:: REQUIREMENT ::
Below are the records to transcribe exactly; do not include any images.

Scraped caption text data
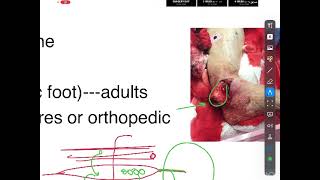 Osteomyelitis [upl. by Reger542]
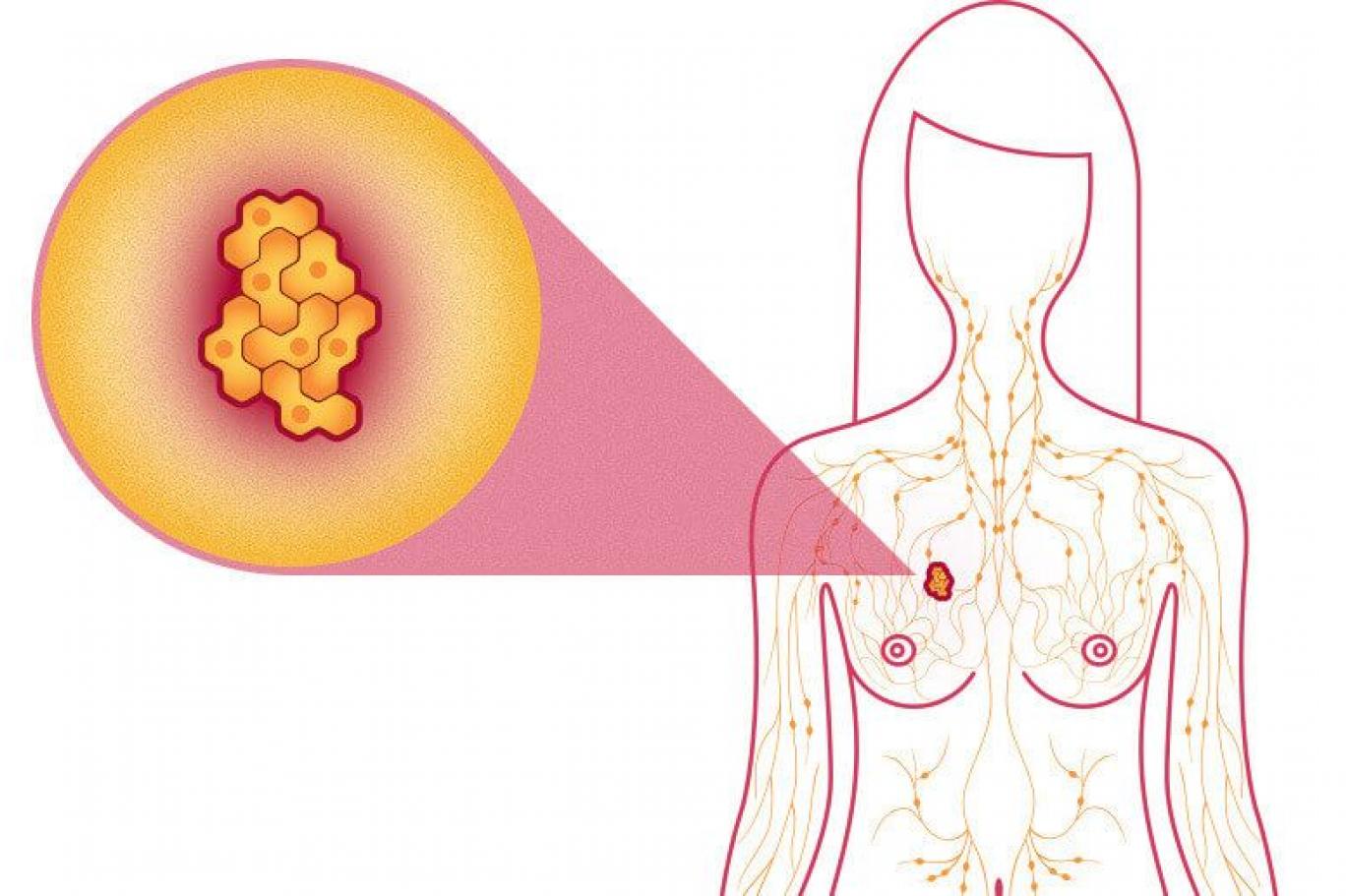 الثدي سرطان سَرطان الثدي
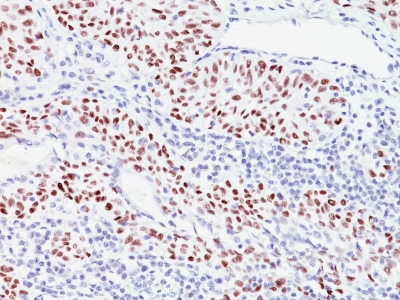 Formalin-fixed, paraffin-embedded human Bladder Carcinoma stained with p57 Monoclonal Antibody (57P6).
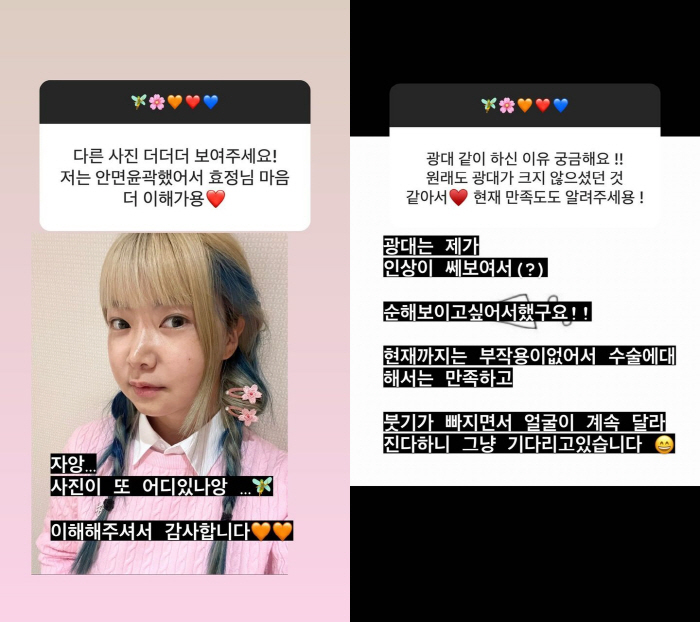 10기 영자 "양악수술 전이 훨씬 나아" 악플에 "부기 계속 빠지니 기다…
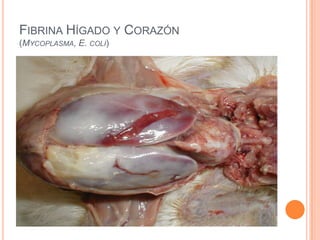 FIBRINA HÍGADO Y CORAZÓN
(MYCOPLASMA, E. COLI)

:: EXERCISE ANSWER ::
 Osteomyelitis [upl. by Reger542]
 الثدي سرطان سَرطان الثدي
 Formalin-fixed, paraffin-embedded human Bladder Carcinoma stained with p57 Monoclonal Antibody (57P6).
 10기 영자 "양악수술 전이 훨씬 나아" 악플에 "부기 계속 빠지니 기다…
 FIBRINA HÍGADO Y CORAZÓN
(MYCOPLASMA, E. COLI)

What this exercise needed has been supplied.